* [Task objective] What's needed is an exact copy of all the data below, without pictures.

* [Data below]
- - -

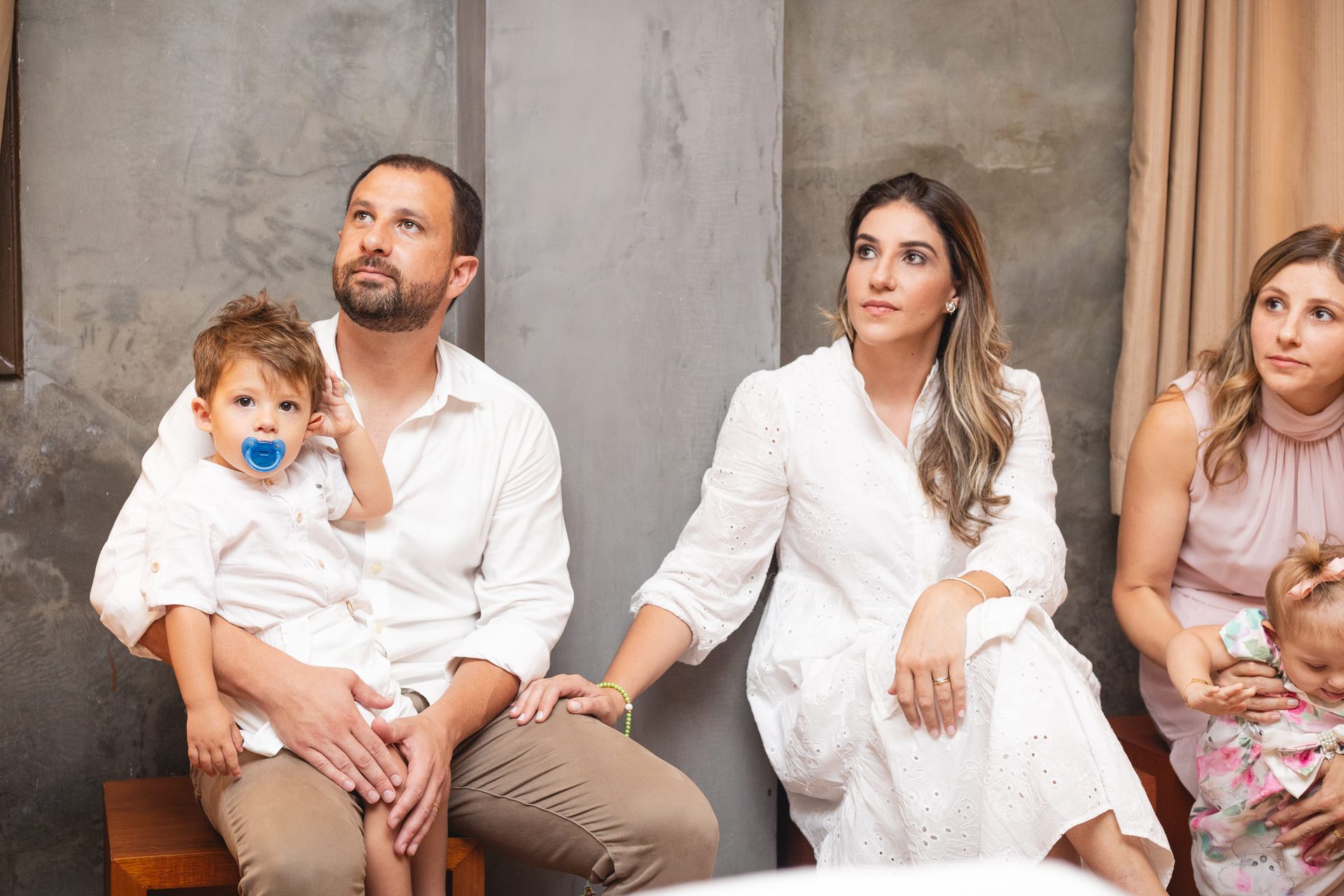 Batizado do Antônio - Mosteiro de Itaici - 2 - 8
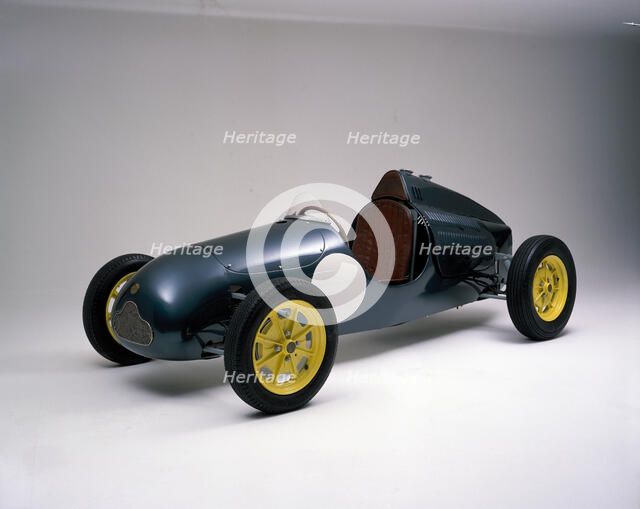 1949 Cooper 500 MK III racing car. Artist: Unknown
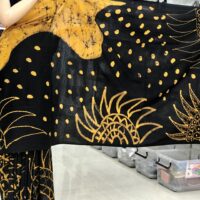 Cotton Batik Saree CBS20 - Image 2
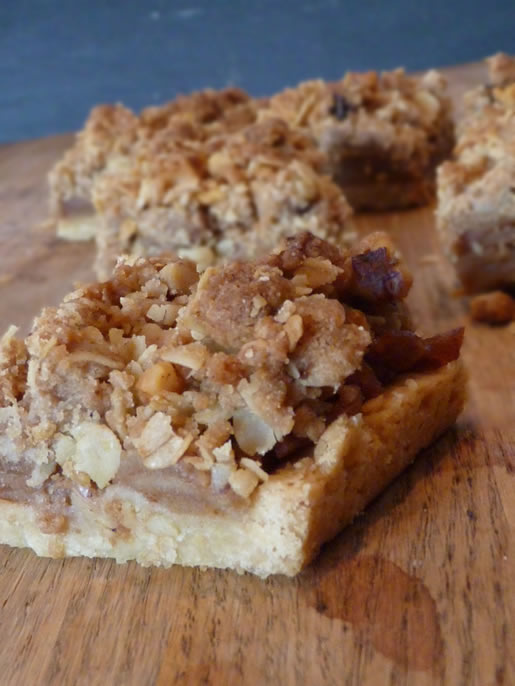time to hit the bars – brandy apple bars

- - -

* [Final answer]
 Batizado do Antônio - Mosteiro de Itaici - 2 - 8
 1949 Cooper 500 MK III racing car. Artist: Unknown
 Cotton Batik Saree CBS20 - Image 2
time to hit the bars – brandy apple bars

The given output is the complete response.